The key problems that a calling sequence must solve are:

  1. Where does the called procedure find its return address?
  2. Where does the called procedure find its parameters?
  3. How does the calling procedure find any results?
  4. How are registers that need saving saved?
  5. Where are local variables allocated?

A Standard Calling Sequence

On many machines, particularly those designed in the CISC (Complex Instruction Set Computer) tradition, the procedure calling instructions are designed with one particular calling sequence in mind. This is clearly true of the DEC VAX, and it is also well illustrated by the Intel 80x86 family and the Motorola 68000 family. With RISC machines, on the other hand, the instructions used to transfer control to and from the called routine frequently give few hints about what sequence is preferred.

Here is a suggested standard calling sequence for the HAWK machine:

  1. R1 is used for the return address. Therefore, "JSR R1,DST" sits at the center of the calling sequence.

  2. R3 is used for the first parameter, and R4, R5, etc. are available for parameters.

  3. R3 is used to return results from functions, and R4 and up are available for more complex results.

  4. The author of a procedure or function is obligated to document what registers that procedure or function does and does not not disturb.
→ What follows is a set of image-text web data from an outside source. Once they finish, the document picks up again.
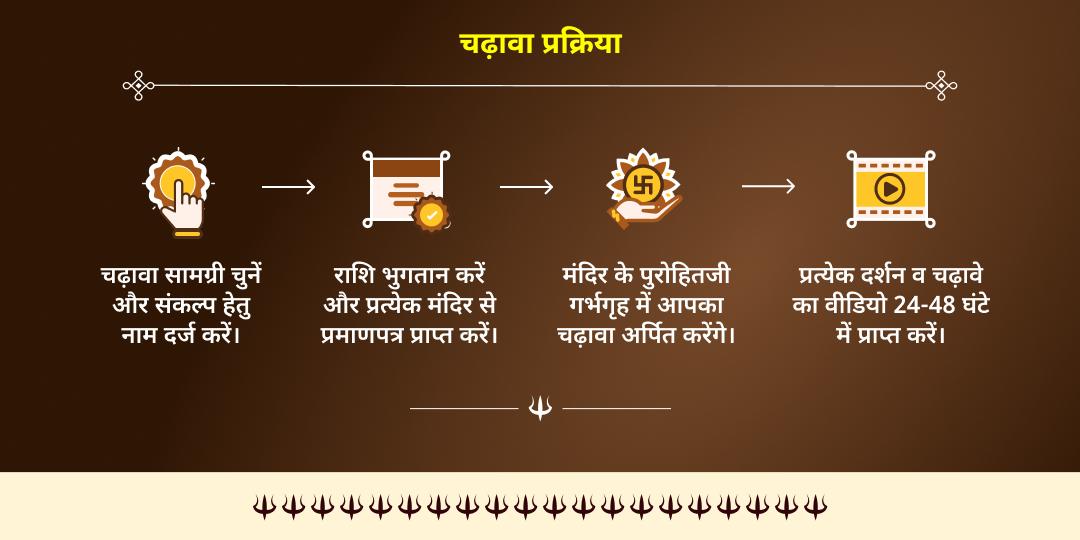 2026 प्रथम महा कालाष्टमी शनि-काली-हनुमान-भैरव चढ़ावा 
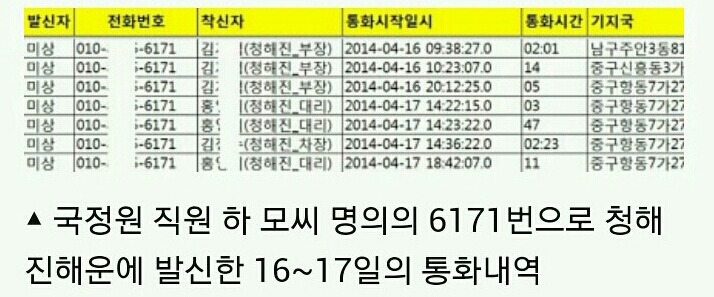 세월호 참사 직후 국정원과 청해진해운 7차례 의문의 통화 | 인스티즈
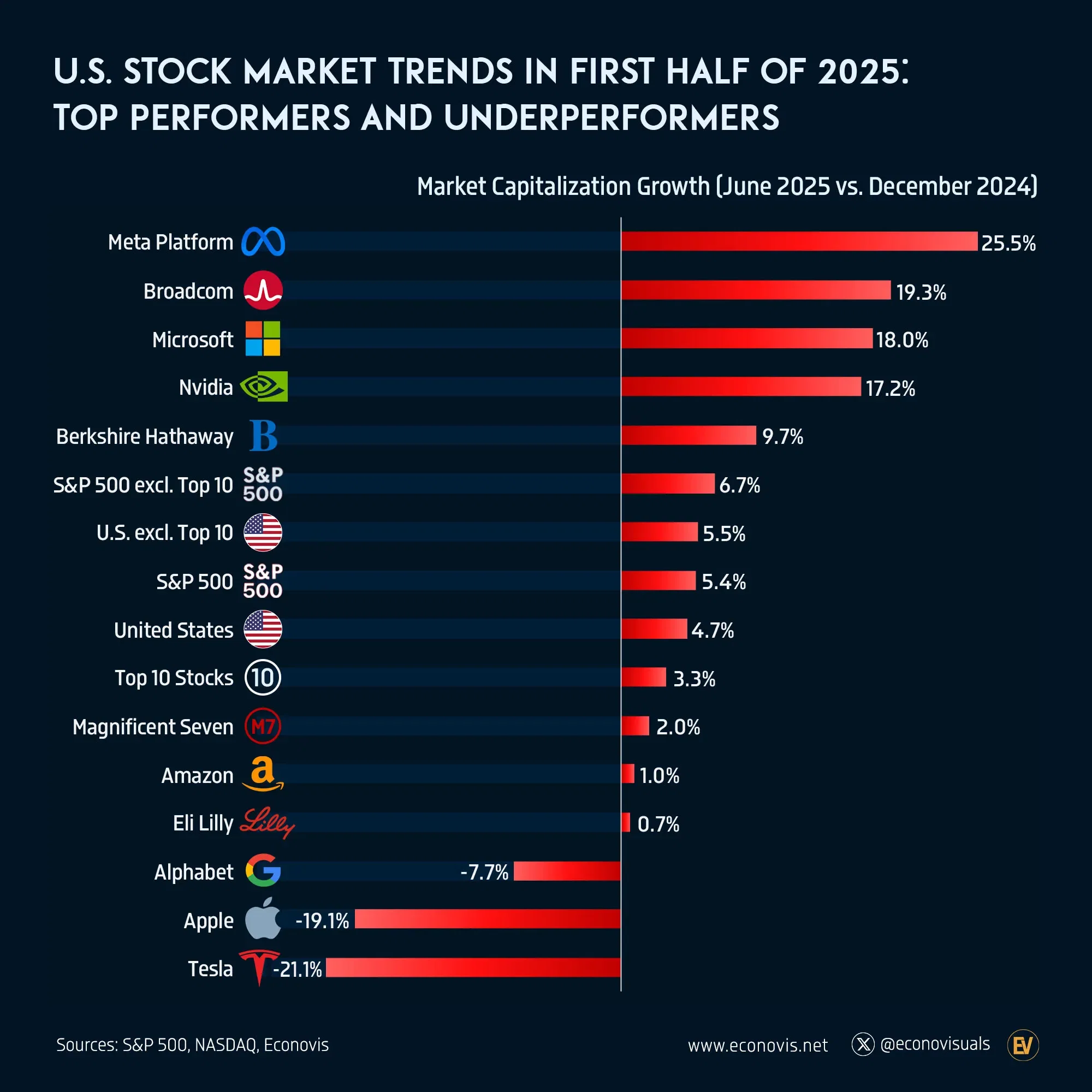 📈 U.S. Stock Market Trends in First Half of 2025: Top Performers and Underperformers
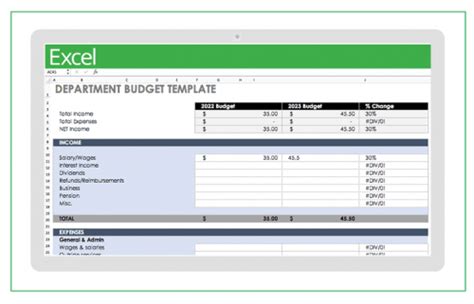 budget template latex.
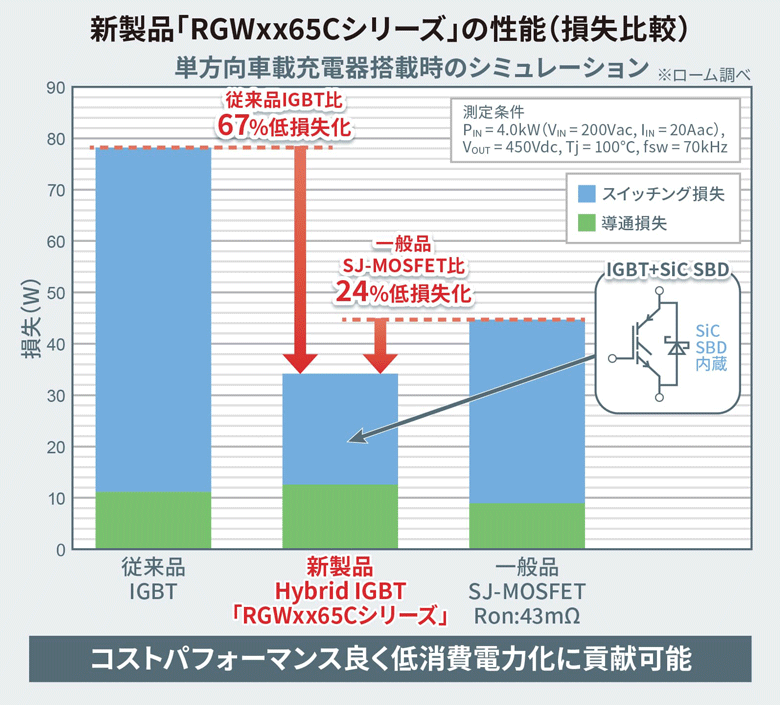 新製品「RGWxx65Cシリーズ」の性能（損失比較）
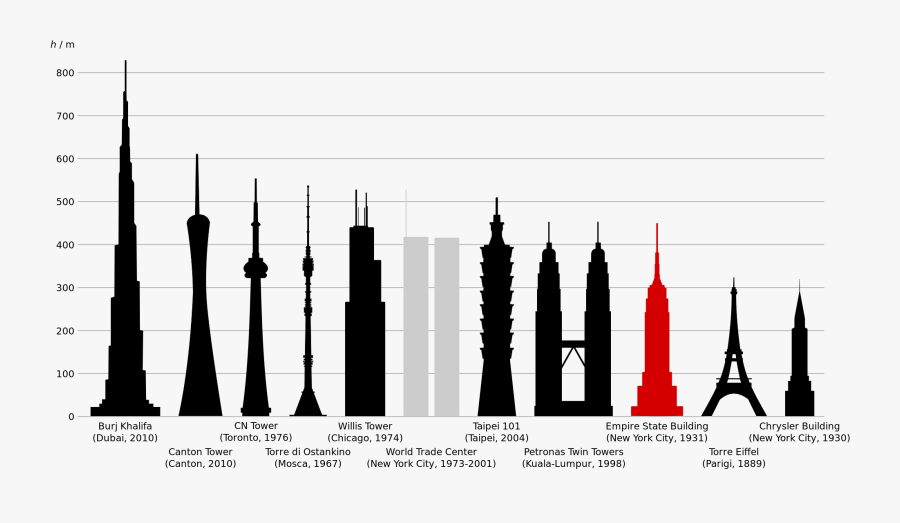 Empire State Vs Eiffel Tower, Transparent Clipart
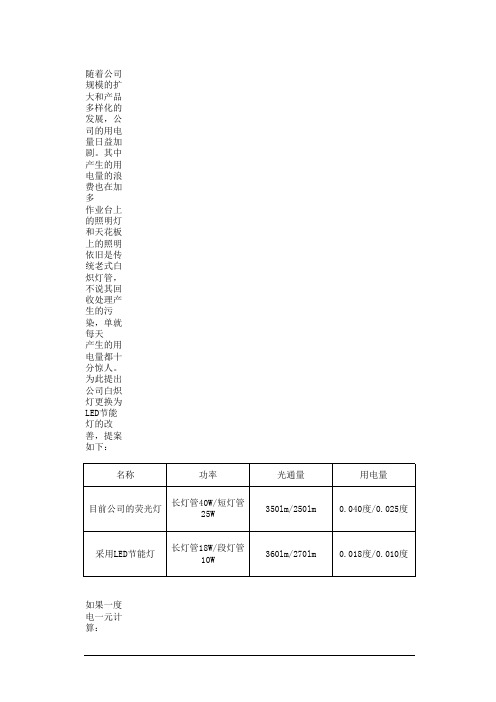 荧光灯换LED节能灯改善提案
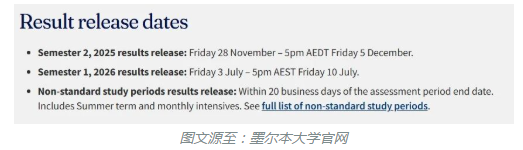 【澳洲】墨尔本大学Final成绩可查！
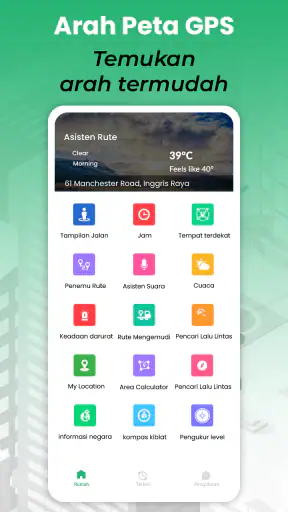 Mudah Rute Peta Navigasi Jalur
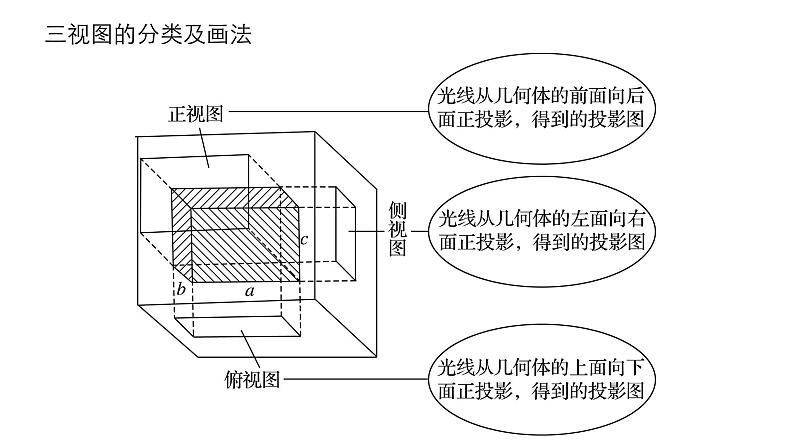 高一数学人教版A版必修二课件：1.2.1~1.2.2 中心投影与平行投影 空间几何体的三视图 课件(共29张PPT)06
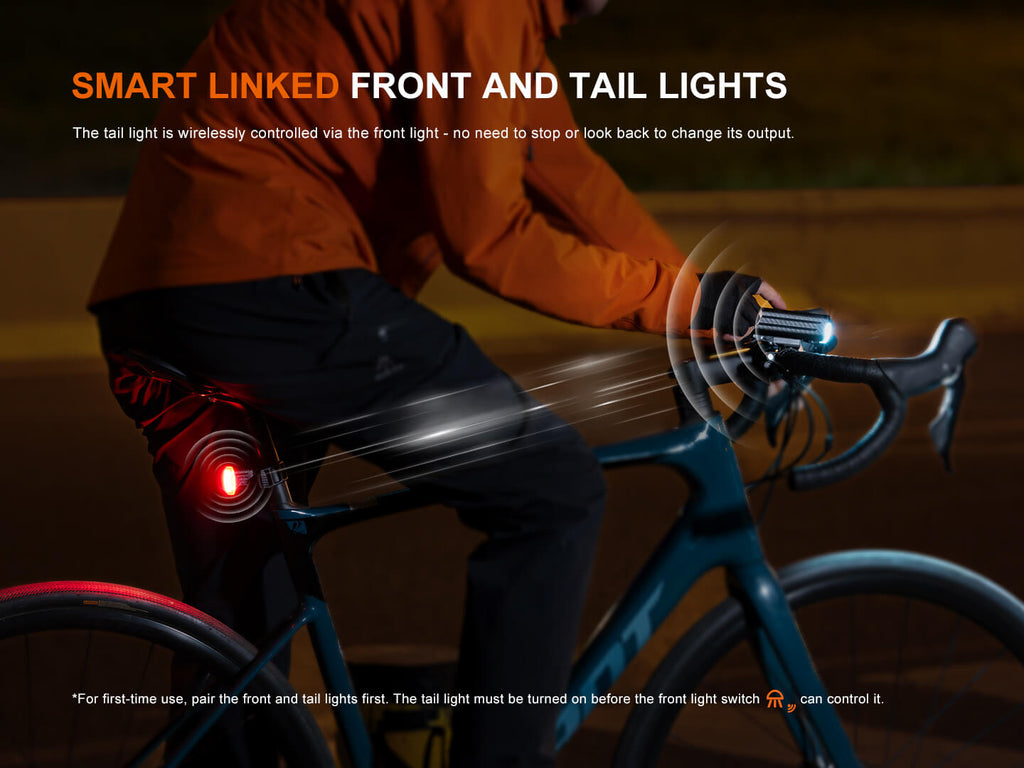 Fenix BC28R Smart Head
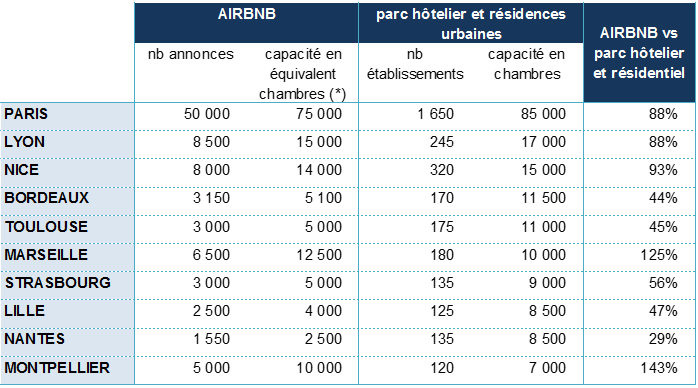 airbnb-en-regions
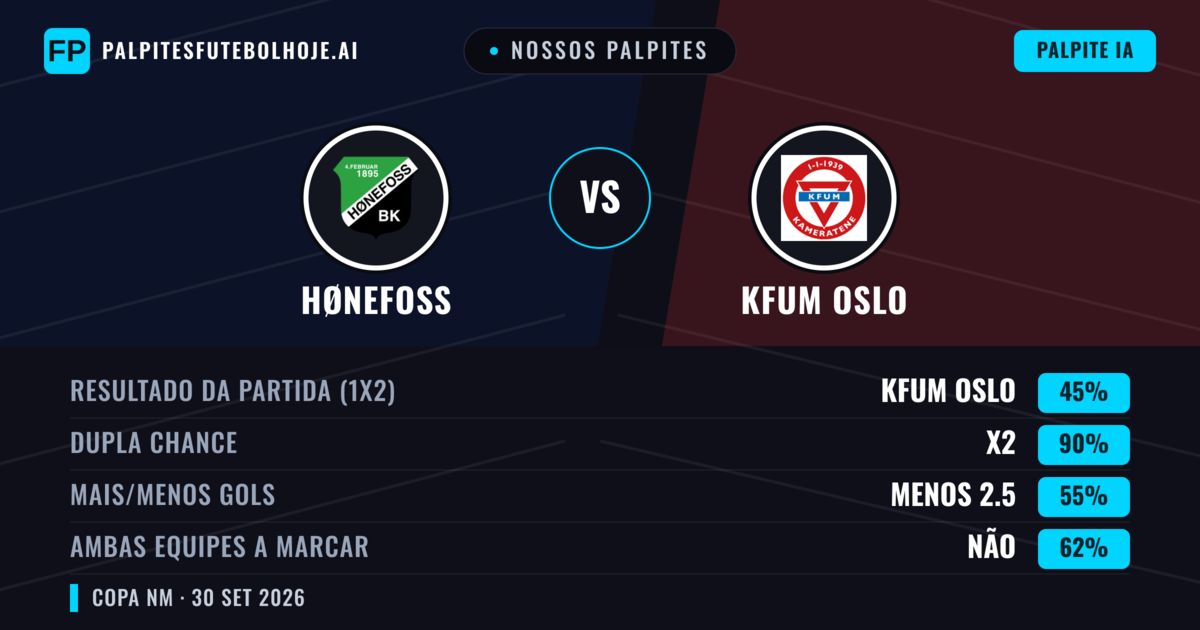Nossos palpites: Hønefoss vs KFUM Oslo — KFUM Oslo — Vencer (67%); Mais 2.5; Ambos marcam: Sim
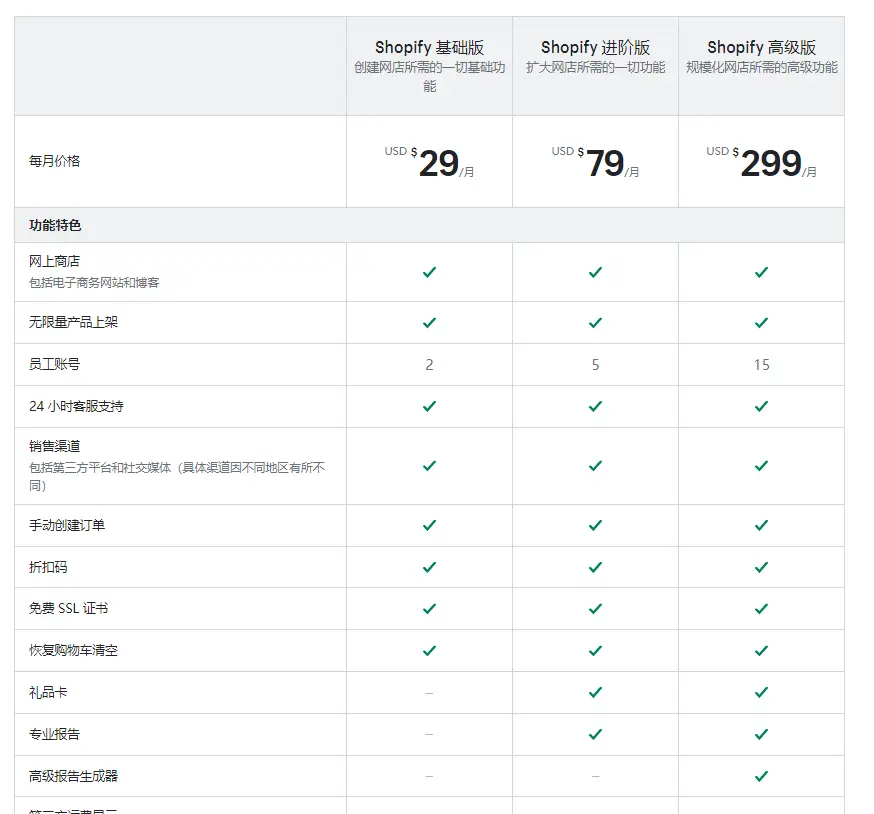 副业摆地摊会丢人吗 副业丢人吗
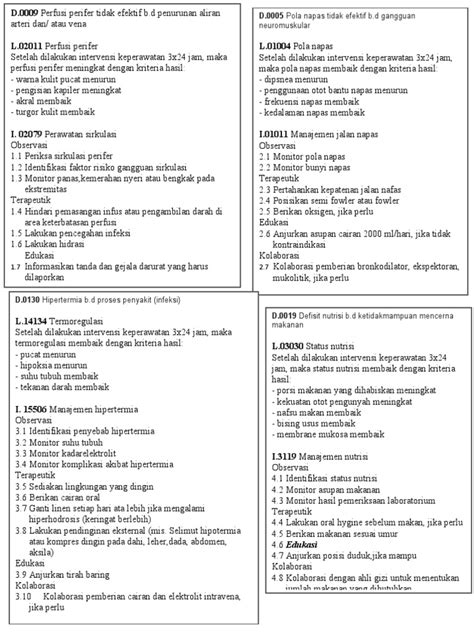 Woc Sepsis Neonatorum Intervensi Pdf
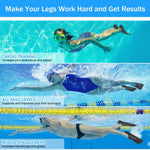 Gintenco Swim Fins, Kids Swim Training Fins for Lap Swimming, Travel Size Flippers with Mesh Bag, Silicone Swimming Fins for Kids Teens Adults Women Men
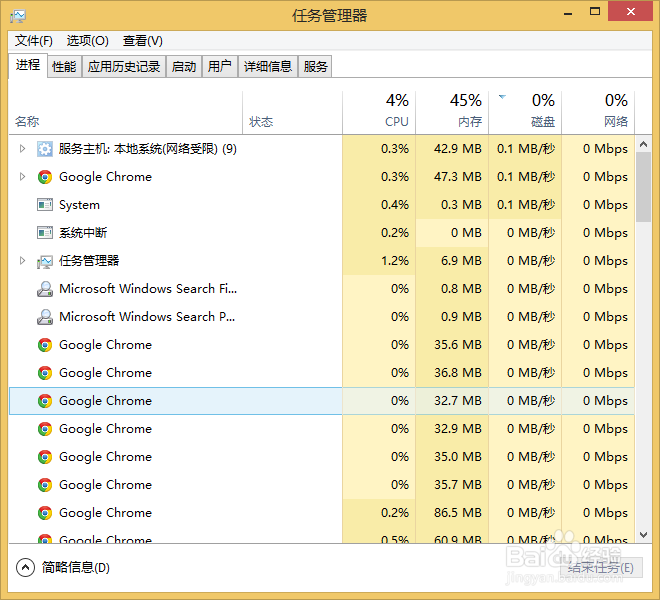 windows8.1开机启动项管理：[5]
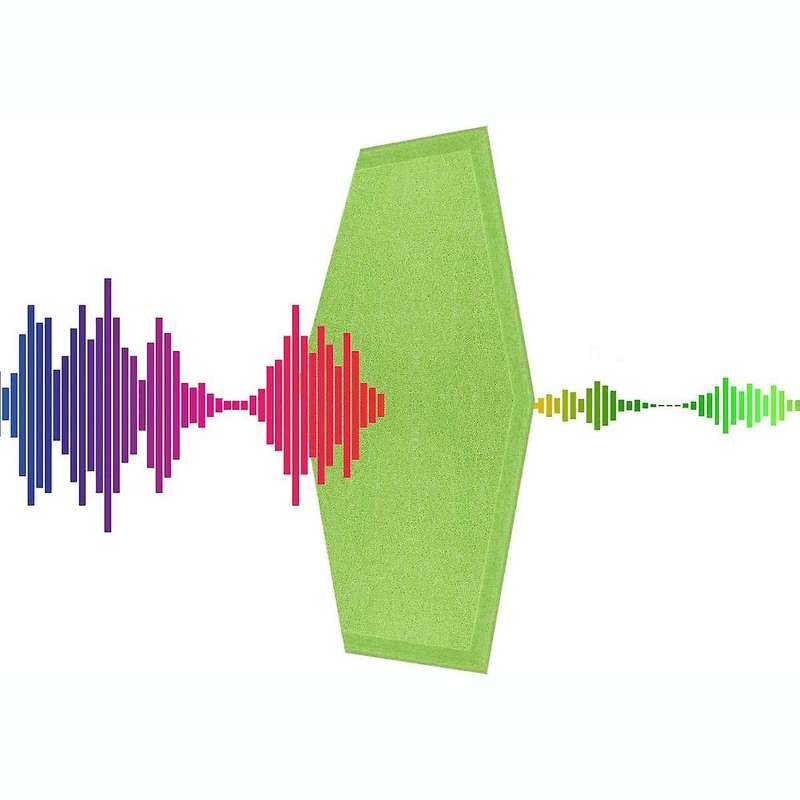Hexagon Acoustic Panels Wall Panels Hexagon Acoustic Absorption Panel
The calling sequence for that procedure or function must be prepared to save and restore any register the procedure or function disturbs, but in any particular context, only those registers that contain useful data need to be saved. This way, the only registers that get saved are those that the caller needs and that the called routine might disturb.

  5. At the point of call, R2 points to the lowest unused word in a stack area, and R2 is restored to this value when the procedure or function exits. Thus, the procedure or function may allocate local variables and space to save registers relative to R2.
There is nothing sacred about this set of conventions, and in fact, there are many possible variations. This does not specify the Hawk calling sequence, but rather, one among many families of compatable calling sequences that can be used on the Hawk machine.